Getting around in Philadelphia is usually easy, as most of the city follows a grid plan. Philadelphia has one of the best public transport networks in the USA and, even on the busiest commutes, the city’s historic, leafy atmosphere provides a beautifully distracting backdrop. New arrivals can look forward to a comprehensive railway system, inner-city subways and buses administered by the Southeastern Pennsylvania Transportation Authority (SEPTA).

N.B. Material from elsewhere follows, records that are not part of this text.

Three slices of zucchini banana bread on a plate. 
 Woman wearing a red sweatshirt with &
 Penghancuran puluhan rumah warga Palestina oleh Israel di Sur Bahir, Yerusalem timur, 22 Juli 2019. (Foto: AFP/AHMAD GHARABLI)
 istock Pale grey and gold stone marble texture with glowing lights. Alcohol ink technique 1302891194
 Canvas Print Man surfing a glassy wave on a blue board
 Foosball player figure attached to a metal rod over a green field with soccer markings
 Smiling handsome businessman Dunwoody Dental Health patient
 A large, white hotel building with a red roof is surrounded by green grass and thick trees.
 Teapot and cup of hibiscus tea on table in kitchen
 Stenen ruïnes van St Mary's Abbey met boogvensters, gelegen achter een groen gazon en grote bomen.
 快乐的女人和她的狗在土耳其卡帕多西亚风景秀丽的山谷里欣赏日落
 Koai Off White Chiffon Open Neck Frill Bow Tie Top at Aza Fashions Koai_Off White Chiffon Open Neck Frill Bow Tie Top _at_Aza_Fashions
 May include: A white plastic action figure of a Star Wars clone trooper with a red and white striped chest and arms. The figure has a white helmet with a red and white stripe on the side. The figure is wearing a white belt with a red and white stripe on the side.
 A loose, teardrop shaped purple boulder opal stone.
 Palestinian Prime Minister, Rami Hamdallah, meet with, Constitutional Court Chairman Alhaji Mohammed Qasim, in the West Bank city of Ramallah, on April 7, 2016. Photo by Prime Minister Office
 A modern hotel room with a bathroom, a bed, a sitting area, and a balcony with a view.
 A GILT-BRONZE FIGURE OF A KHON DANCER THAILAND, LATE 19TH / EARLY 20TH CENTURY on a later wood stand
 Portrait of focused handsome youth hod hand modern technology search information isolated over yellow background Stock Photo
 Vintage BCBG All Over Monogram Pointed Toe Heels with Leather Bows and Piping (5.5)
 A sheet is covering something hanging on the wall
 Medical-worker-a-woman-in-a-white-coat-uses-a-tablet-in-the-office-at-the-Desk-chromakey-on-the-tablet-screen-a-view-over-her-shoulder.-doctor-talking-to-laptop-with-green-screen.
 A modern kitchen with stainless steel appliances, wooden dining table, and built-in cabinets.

Public transport in Philadelphia
As Philadelphia's public transport is mainly operated by a single company, the network is integrated and uses a smart fare system. The SEPTA Key, can be loaded with credit online and can be used on most forms of transport in the city. Weekly or monthly passes can also be loaded onto the Key. Alternatively, fares can be paid with cash, although this is a more expensive option and only exact change is accepted.
The rail network in Philadelphia is generally considered to be of a high standard. The city’s central train station is the 30th Street Station in Center City, which provides access to all major SEPTA rail, subway and trolley (tram) routes. Most lines operate from 5:30am to midnight, every day of the week.
The 30th Street Station also functions as a major hub for Amtrak, which provides the best means to travel to other cities such as Boston, New York and Washington DC. Train routes and rates are available at stations and on the SEPTA website.
The other major railway operator in Philadelphia is the Port Authority Transit Corporation (PATCO) which runs a line between New Jersey and Center City.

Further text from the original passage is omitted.